**Exercise prompt:**
Leave out the pictures and repeat the data exactly.

**Data below:**
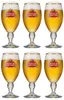 Stella Artois Bierglazen - Chalice - 330 ml - 6 stuks Productafbeelding-voorbeeld 1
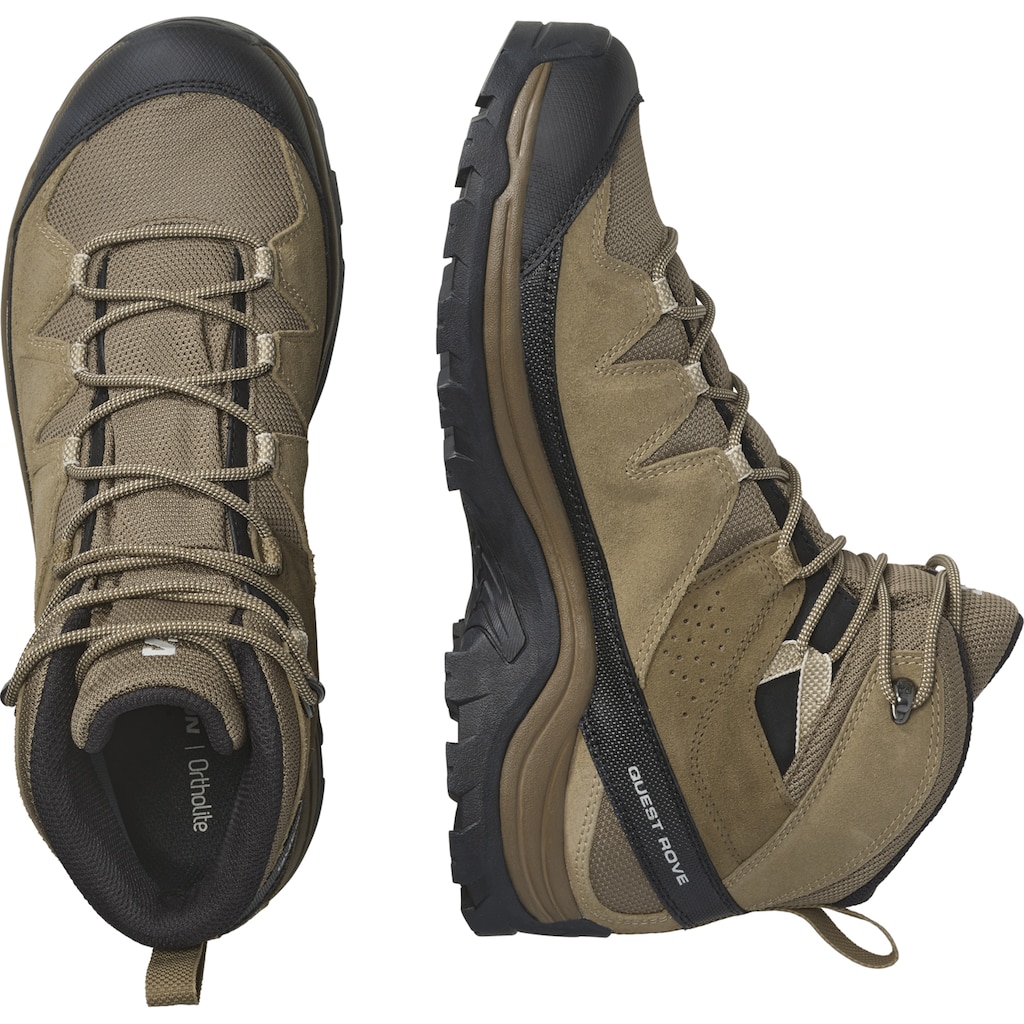 Salomon Wanderschuh »QUEST ROVE Gore-Tex®«, Wasserdicht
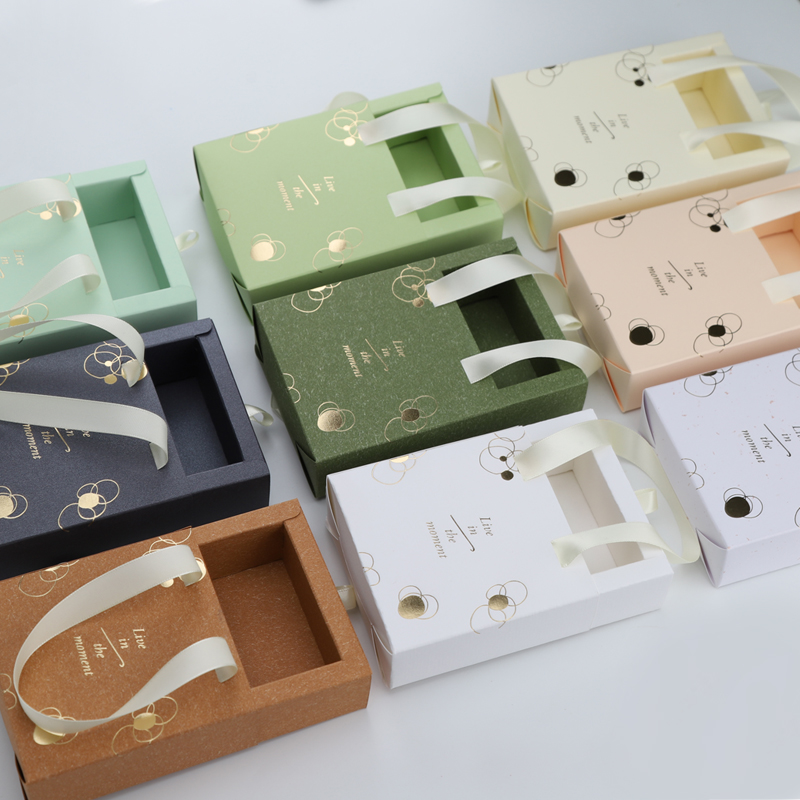 emballage de bijoux personnalis&eacute;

**Solution for this problem:**
 Stella Artois Bierglazen - Chalice - 330 ml - 6 stuks Productafbeelding-voorbeeld 1
 Salomon Wanderschuh »QUEST ROVE Gore-Tex®«, Wasserdicht
 emballage de bijoux personnalis&eacute;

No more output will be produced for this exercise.